The submarine brought a new dimension to warfare on the world’s oceans.   A vessel that traveled under the water, out of sight of other vessels, had an advantage over the ships they were targeting.   Before the submarine, if a warship stopped a merchant vessel belonging to an adversary or a neutral nation, their crew would board that ship, determine it was carrying forbidden cargo, send the crew safely off, and then sink it.   During the the early part of the Great War, submarines would surface, would use that procedure and sink the ship with a torpedo.   Neutral shipping would be left alone by the Germans as long they were not carrying contraband.   That is until the British started using neutral nations’ ships, such as American freighters, to carry war materials.  Early in February 2015, the German government stated that the area around the British Isles would be considered to a war zone and ships carrying contraband would be targets for U boats.  The German action was partly in response to the Royal Navy blockade of Germany’s coast. (1)

 The RMS Lusitania was scheduled to sail from New York on May 1, 1915, with cargo and passengers on board and Liverpool as her destination.  The German Embassy in the United States took out an advertisement in the New York newspapers warning Americans not to sail on British ships.   For the most part that warning was ignored by the Americans who had booked passage on her.

The day before the  Lusitania sailed out of New York harbor, a U boat backed out of its berth at Emden, Germany, followed the estuary of the Ems River into the North Sea, and set a northerly course that would eventually take it around the British Isles and Ireland to it’s patrol sector in the Irish Sea between England and Ireland.   Periodically the U-20  would send radio messages back to it’s base in Germany, unaware that the Royal Navy code breakers in Room 40 in the Admiralty in London were intercepting them. Kapitänleutnant Walther Schwieger and the commanders of  the six other U boats at sea were under orders from the Hochseeflotte (High Seas Fleet) to hunt British ships and sink them without warning. ( 1 )

While the codebreakers in Room 40 knew the approximate location of the German U boats, they had no knowledge of the position of British passenger or merchant ships in the waters around the British Isles, where the submarines were on the prowl looking for targets.  Messages had been sent to masters of British vessels whose voyages took them past the south coast of Ireland to avoid headlands, choose a course that took up the middle of St. George’s Channel,  zigzag to minimize their ships as targets,  and to time their arrival at the Liverpool bar so they wouldn’t to stop to take on a pilot.
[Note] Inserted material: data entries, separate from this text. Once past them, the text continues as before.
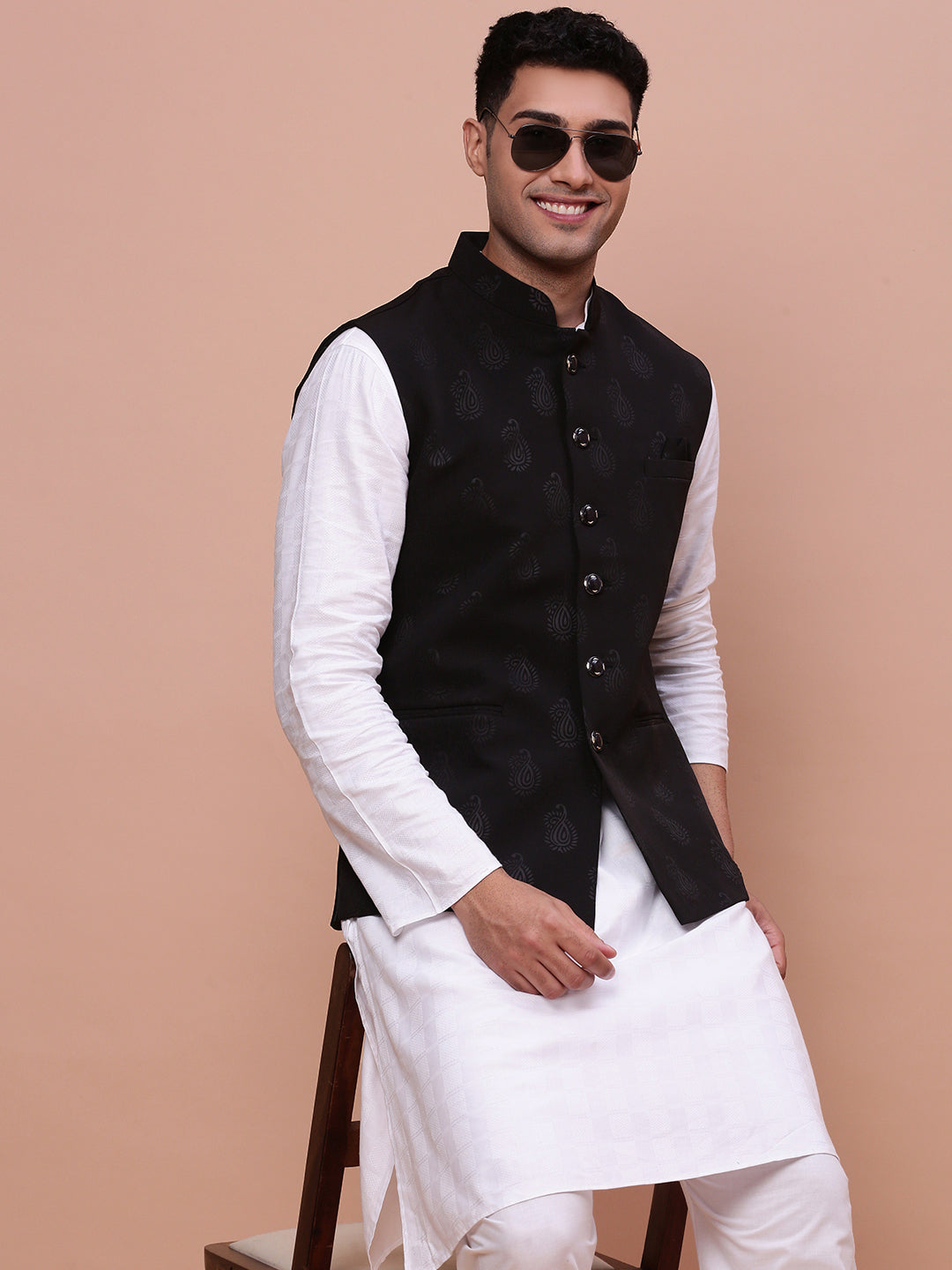 Men Woven Design Black Slim Fit Nehru Jacket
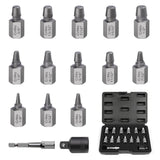 Garvee Heavy Duty 15-Piece Broken Bolt Extractor Set – CR-MO Steel Screw Remover Kit – Spiral Flute Design – Removes Stripped, Rusted, Damaged Bolts – Includes Storage Case – Silver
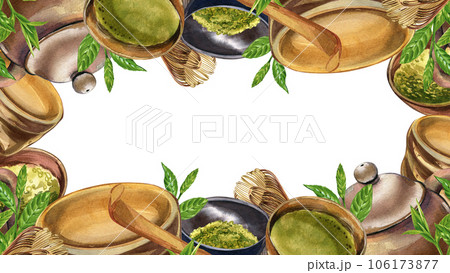 Frame bowl, matcha, teapot, bamboo whisk, tea plant isolated on white. Watercolor hand drawing illustration. Art design Frame bowl, matcha, teapot, bamboo whisk, tea plant isolated on white. Watercolor hand drawing illustration. Art design 106173877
Meanwhile, in the United States, President Woodward Wilson was trying to find a way for the United States to bring peace to the war fought mostly in Europe.  When the conflict had broken out in the summer of 1914, Wilson had told the American people to be “neutral in thought as well as action.”   President Wilson sent his closest advisor Colonel Edward M. House on a peace mission to Europe  in January 1915 on the Lusitania.  On that voyage, the captain raised the United States flag when the vessel approached the Irish coast.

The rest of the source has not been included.